Work to complete -
An acceptable answer repeats exactly the line containing "May include: A" and all lines that follow it in the listing below, and it includes no pictures.
━━ Data for this task ━━
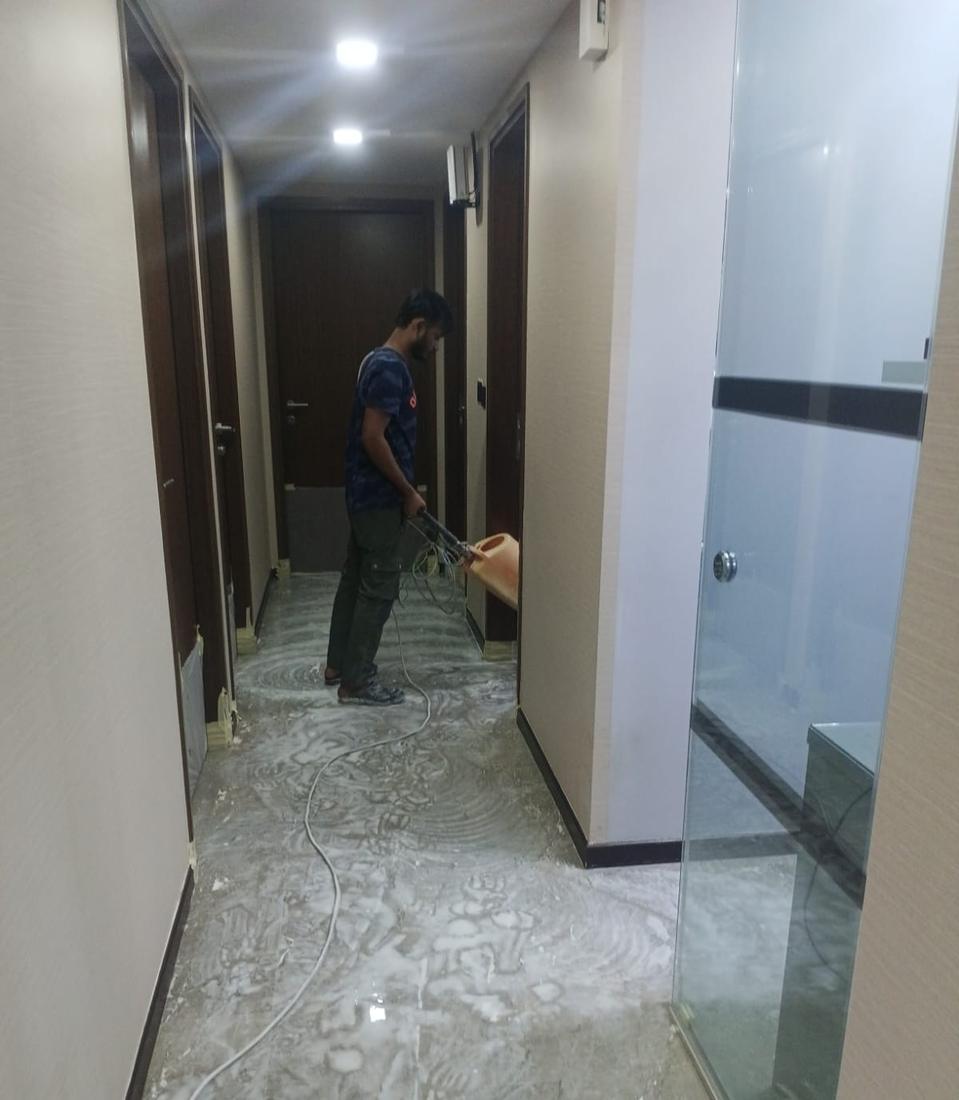 Marble polishing in a corridor leading to the bathroom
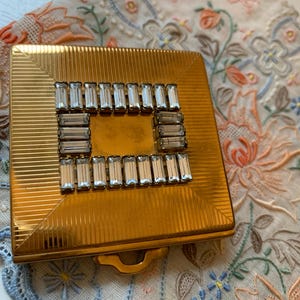 May include: A vintage gold-toned compact with a rectangular shape and a decorative border of clear, rectangular rhinestones. The compact has a ribbed texture and a small handle. The background features a floral embroidered cloth.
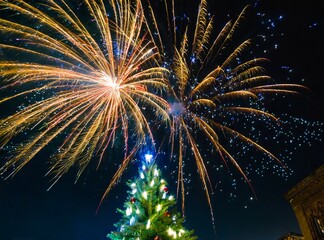 Christmas tree outside at night, with fireworks on the background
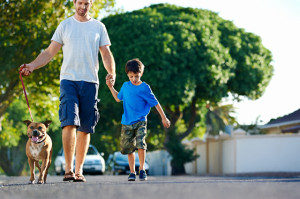 man-walking-child-and-dog-300x199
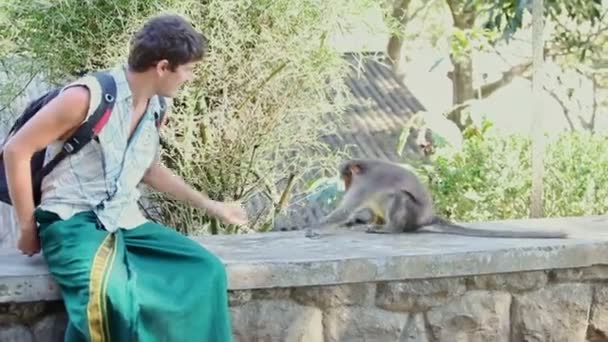 Guy Tourist Sits karmi małpę kamienną zaporą w parku — Wideo stockowe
━━━
Answer box -
 May include: A vintage gold-toned compact with a rectangular shape and a decorative border of clear, rectangular rhinestones. The compact has a ribbed texture and a small handle. The background features a floral embroidered cloth.
 Christmas tree outside at night, with fireworks on the background
 man-walking-child-and-dog-300x199
 Guy Tourist Sits karmi małpę kamienną zaporą w parku — Wideo stockowe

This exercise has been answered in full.